#### EXERCISE INSTRUCTIONS
Pictures should be omitted; restate word for word the lines from the one holding "2025 Kniha: Not" through the last line of the entries below.
---*---
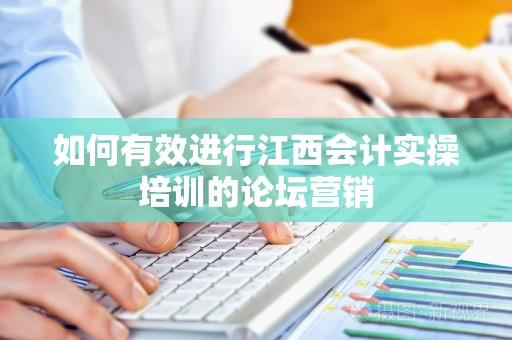 如何有效进行江西会计实操培训的论坛营销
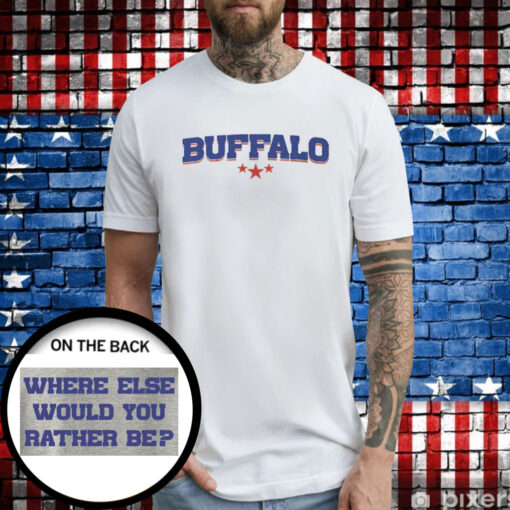 Buffalo Bills Where Else Would You Rather T-Shirt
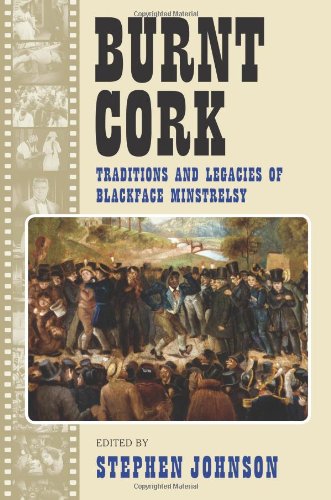 Burnt Cork: Traditions and Legacies of Blackface Minstrelsy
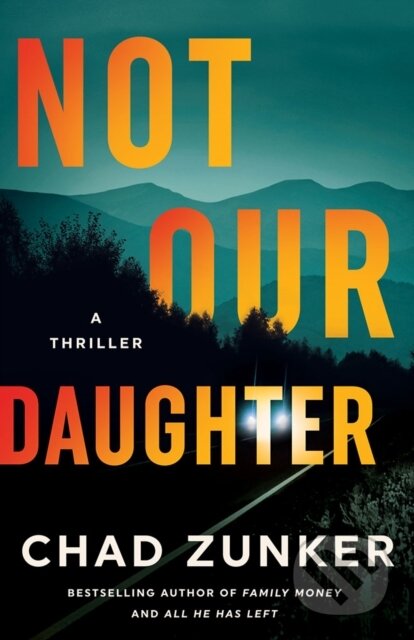 Kniha: Not Our Daughter (Chad Zunker). Thomas & Mercer, 2025 Kniha: Not Our Daughter (Chad Zunker). Thomas & Mercer, 2025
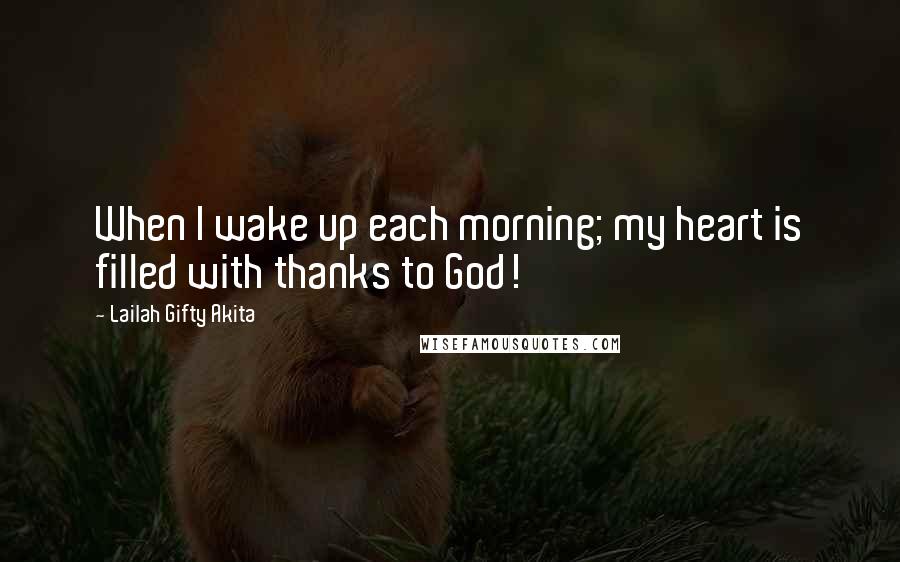 Lailah Gifty Akita Quotes: When I wake up each morning; my heart is filled with thanks to God!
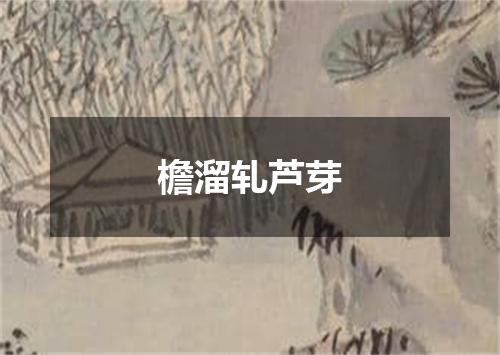檐溜轧芦芽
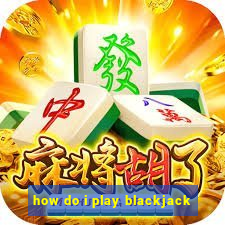 how do i play blackjack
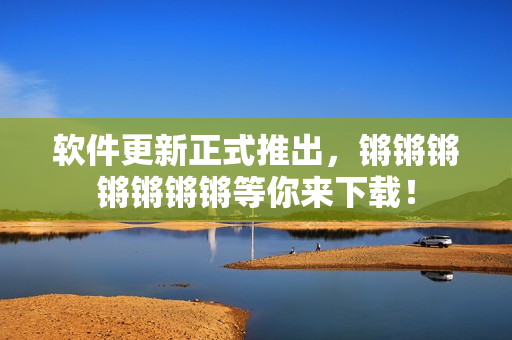 软件更新正式推出，锵锵锵锵锵锵锵等你来下载！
---*---
#### RESULT OF THE TASK
 Kniha: Not Our Daughter (Chad Zunker). Thomas & Mercer, 2025 Kniha: Not Our Daughter (Chad Zunker). Thomas & Mercer, 2025
 Lailah Gifty Akita Quotes: When I wake up each morning; my heart is filled with thanks to God!
檐溜轧芦芽
 how do i play blackjack
 软件更新正式推出，锵锵锵锵锵锵锵等你来下载！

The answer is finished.